Is the the feature extractor of NameFinder only using the tokens seen on the training set, or is it able to use some structured gazetteer features such as a list of international firstnames, organization abbreviations and so on?
If not do you think it could be a good idea to package such feature extractors as pre-trained bloom filter vectors trained on lists coming from wikipedia or freebase for instance?
AFAIK the lucene, hadoop and cassandra projects already provide optimized implementations of bloom filters under the ASL license.
its possible to modify the built-in feature generation and write a feature generator which exploits an external dictionary resource, like a database of first and last names. We would like to add support for dictionary based feature generator.
The current implementation is not good enough and we have to come up with a new set on features which are generated
based on a dictionary lookup, in my opinion the lookup feature should be combined with token context features.
Even relative huge dictionaries can fit into memory, thats why our focus should be on generating better features first,
before we start to scale the dictionary. But work on a bloom filter implementation is very welcome, we also have
plans to add bloom filter based language model.

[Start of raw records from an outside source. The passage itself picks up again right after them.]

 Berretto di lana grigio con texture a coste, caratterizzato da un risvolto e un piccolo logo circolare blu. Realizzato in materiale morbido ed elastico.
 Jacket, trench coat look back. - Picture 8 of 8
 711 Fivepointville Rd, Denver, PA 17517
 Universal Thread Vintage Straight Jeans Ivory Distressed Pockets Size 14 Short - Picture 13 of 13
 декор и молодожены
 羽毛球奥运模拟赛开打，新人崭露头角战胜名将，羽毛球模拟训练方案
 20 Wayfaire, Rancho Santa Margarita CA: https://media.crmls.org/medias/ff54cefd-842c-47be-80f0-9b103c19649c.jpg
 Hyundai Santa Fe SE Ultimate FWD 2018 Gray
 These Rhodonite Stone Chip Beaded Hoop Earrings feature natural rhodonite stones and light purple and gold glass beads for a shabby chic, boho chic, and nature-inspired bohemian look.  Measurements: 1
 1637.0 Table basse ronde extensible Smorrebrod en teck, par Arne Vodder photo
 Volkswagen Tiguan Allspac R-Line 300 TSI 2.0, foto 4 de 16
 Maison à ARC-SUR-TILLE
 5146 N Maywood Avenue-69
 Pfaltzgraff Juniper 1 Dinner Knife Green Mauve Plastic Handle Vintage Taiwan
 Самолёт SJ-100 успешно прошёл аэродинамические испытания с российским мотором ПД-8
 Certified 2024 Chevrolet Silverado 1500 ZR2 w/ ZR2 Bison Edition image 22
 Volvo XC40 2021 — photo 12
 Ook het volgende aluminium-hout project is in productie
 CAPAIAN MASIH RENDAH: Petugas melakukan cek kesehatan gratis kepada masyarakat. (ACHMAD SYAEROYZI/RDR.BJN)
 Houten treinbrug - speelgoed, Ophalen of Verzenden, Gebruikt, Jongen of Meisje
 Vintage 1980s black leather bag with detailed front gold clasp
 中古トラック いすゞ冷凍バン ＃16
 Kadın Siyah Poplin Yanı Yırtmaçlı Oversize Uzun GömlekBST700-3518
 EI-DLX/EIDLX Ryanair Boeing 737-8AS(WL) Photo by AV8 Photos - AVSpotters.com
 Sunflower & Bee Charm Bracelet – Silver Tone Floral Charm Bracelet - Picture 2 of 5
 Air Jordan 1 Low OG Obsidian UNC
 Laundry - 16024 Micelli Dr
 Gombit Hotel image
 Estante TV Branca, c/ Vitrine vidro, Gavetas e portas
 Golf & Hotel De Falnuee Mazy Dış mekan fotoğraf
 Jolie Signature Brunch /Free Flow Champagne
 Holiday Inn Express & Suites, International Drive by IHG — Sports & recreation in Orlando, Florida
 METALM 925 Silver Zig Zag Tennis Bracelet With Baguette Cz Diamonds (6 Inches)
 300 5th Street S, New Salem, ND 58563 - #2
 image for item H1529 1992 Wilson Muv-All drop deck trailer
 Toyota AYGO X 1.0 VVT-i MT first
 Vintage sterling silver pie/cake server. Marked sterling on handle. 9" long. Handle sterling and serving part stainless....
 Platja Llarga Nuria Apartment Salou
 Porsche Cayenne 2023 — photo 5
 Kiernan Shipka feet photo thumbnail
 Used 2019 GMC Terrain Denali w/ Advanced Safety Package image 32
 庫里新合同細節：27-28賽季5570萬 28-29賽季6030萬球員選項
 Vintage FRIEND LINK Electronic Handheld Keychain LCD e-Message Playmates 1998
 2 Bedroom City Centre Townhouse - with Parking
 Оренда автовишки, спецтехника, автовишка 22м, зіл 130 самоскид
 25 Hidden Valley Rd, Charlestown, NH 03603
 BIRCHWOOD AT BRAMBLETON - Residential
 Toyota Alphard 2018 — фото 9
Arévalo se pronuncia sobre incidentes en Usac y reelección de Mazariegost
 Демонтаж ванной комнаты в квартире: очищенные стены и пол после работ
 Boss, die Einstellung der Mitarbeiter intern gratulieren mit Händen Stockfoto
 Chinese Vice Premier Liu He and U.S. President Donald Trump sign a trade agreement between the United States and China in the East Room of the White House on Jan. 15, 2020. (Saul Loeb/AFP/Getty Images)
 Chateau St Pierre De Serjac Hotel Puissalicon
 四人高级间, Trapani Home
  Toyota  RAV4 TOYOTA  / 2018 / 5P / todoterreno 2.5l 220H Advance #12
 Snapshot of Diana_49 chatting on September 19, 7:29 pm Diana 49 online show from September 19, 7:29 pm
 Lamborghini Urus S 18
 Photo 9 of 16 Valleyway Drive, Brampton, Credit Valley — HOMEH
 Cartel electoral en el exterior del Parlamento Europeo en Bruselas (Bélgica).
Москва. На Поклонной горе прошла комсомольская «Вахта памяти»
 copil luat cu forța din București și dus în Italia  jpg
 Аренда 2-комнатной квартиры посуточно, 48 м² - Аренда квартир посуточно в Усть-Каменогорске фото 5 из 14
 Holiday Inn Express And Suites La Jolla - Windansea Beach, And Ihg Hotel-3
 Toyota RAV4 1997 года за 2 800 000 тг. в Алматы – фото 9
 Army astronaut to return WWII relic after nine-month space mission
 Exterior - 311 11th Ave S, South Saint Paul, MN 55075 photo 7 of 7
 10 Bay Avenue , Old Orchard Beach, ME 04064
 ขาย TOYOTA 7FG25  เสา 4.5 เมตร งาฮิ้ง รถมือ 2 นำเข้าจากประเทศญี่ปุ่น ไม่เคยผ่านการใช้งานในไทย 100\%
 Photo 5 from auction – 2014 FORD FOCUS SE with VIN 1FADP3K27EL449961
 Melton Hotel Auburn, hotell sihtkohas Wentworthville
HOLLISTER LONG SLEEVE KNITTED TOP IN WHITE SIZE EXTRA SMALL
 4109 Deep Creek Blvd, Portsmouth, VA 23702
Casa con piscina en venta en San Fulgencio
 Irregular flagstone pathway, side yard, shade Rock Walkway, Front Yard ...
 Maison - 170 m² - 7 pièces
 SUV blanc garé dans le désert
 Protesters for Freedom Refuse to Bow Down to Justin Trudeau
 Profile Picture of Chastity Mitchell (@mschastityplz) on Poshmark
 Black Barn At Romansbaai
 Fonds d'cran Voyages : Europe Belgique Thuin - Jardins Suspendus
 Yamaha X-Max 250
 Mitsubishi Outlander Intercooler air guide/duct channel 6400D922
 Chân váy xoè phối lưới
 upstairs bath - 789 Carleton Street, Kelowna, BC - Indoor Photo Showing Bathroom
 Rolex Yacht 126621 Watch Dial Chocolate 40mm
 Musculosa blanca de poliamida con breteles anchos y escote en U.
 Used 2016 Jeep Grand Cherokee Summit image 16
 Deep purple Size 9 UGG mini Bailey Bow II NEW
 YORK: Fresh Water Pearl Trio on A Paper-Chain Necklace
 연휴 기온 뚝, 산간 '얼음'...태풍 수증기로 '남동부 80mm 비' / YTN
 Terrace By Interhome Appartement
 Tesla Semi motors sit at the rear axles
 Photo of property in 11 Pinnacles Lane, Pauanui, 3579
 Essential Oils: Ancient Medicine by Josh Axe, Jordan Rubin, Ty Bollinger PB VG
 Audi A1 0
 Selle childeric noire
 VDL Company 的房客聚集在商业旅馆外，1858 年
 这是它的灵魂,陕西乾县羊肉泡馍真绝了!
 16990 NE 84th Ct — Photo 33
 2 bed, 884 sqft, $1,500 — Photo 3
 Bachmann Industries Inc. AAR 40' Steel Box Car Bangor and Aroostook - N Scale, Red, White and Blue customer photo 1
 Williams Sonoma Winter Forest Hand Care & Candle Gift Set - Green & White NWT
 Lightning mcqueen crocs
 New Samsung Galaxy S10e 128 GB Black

If you want to work on this, you need a corpus you can train the name finder on, luckily we now have support for
the Conll03 and Conll02 data, depending which language you prefer. James Kosin is also working on this using
the english reuters data from Conll03. There is a wiki page which describe how to create training data out
of the Conll03 data:
Training data creation is very similar for Conll02, but still undocumented.
Here is paper about a Conll03 NER system where they compare the performance which
they get depending on the feature generation, one feature generation strategy uses a
With the dictionary (see Table 2, the row where they add feature I) they get an improvement
of around one percent for both recall and precision.